## Easy XML in Python

**Creating an XML**

In [10]:
from xml.etree import ElementTree
from xml.etree.ElementTree import Element
from xml.etree.ElementTree import SubElement

In [11]:
# <membership/>
membership = Element('membership')

In [12]:
# <membership><users/>
users = SubElement(membership, 'users')

In [13]:
# <membership><users><user/>
SubElement(users, 'user', name='john')
SubElement(users, 'user', name='charles')
SubElement(users, 'user', name='peter')

<Element 'user' at 0x3dccd30>

In [14]:
# <membership><groups/>
groups = SubElement(membership, 'groups')

In [15]:
# <membership><groups><group/>
group = SubElement(groups, 'group', name='users')

In [16]:
# <membership><groups><group><user/>
SubElement(group, 'user', name='john')
SubElement(group, 'user', name= 'charles')

<Element 'user' at 0x3dcca58>

In [17]:
# <membership><groups><group/>
group = SubElement(groups, 'group', name='administrators')

In [18]:
# <membership><groups><group><user/>
SubElement(group, 'user', name='peter')

<Element 'user' at 0x3e4eda0>

If Python let you indent freely, the syntax would have been even closer to what one would write directly in XML. In any event, because of how closely it resembles the target format, ElementTree can be considered to be a small domain-specific language.

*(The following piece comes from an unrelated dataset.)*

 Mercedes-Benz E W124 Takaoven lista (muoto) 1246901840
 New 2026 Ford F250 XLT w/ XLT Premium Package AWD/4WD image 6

Writing this to a file can be done like this:

In [19]:
output_file = open( 'C:\Users\Wei\Desktop\membership.xml', 'w' )
output_file.write( '<?xml version="1.0"?>' )
output_file.write( ElementTree.tostring( membership ) )
output_file.close()

**Reading the XML file**

In [20]:
from xml.etree import ElementTree
document = ElementTree.parse('C:\Users\Wei\Desktop\membership.xml')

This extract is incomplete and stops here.